The EU and the US moved to freeze an estimated $300 billion in assets belonging to the Russian Central Bank, most of which are held by the Brussels-based clearinghouse Euroclear, in February 2022.
On Monday, the European Council ordered all depositors holding €1 million ($1.08 million) or more in Russian Central Bank assets to keep separate accounts of “extraordinary cash balances accumulating due to EU restrictive measures” and prohibited them from disposing of any interest or profits from the frozen assets.
“This decision paves the way for the Council to decide on a possible establishment of a financial contribution to the EU budget raised on these net profits to support Ukraine and its recovery and reconstruction at a later stage,” the Council said in a statement.
Moscow has protested the US and EU sanctions as illegal, adding that any attempt to outright seize the Russian funds would be declared theft and receive a response in kind. Russian bankers have also warned that such a step would destroy the confidence of the rest of the world in the rule of law in the West and trigger a run on European and US banks because they would no longer be considered safe.
While the US has been the most outspoken advocate of confiscating the frozen funds to send to Ukraine, the EU stands to lose the most from Moscow’s potential retaliation against such a step. Euroclear alone accounts for €196.6 billion ($211 billion) in frozen Russian assets, and it has accrued nearly €4.4 billion in interest over the past year.

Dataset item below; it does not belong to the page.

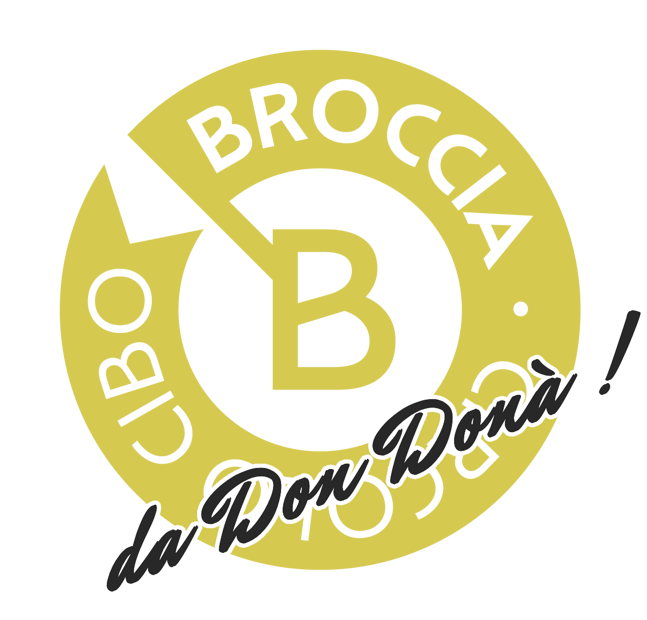 logo broccia don dona! giallo logo broccia don dona! giallo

The EU’s “invention of openly fraudulent schemes for the seizure of income from Russian assets is dictated by the need to create the illusion of legitimacy over attacks on our property and thereby camouflage what is in fact an outright theft”, the Russian Foreign Ministry announced over the weekend, responding to reports that Brussels would move to seize the interest.
Some EU members have likewise been skeptical of the confiscation proposal.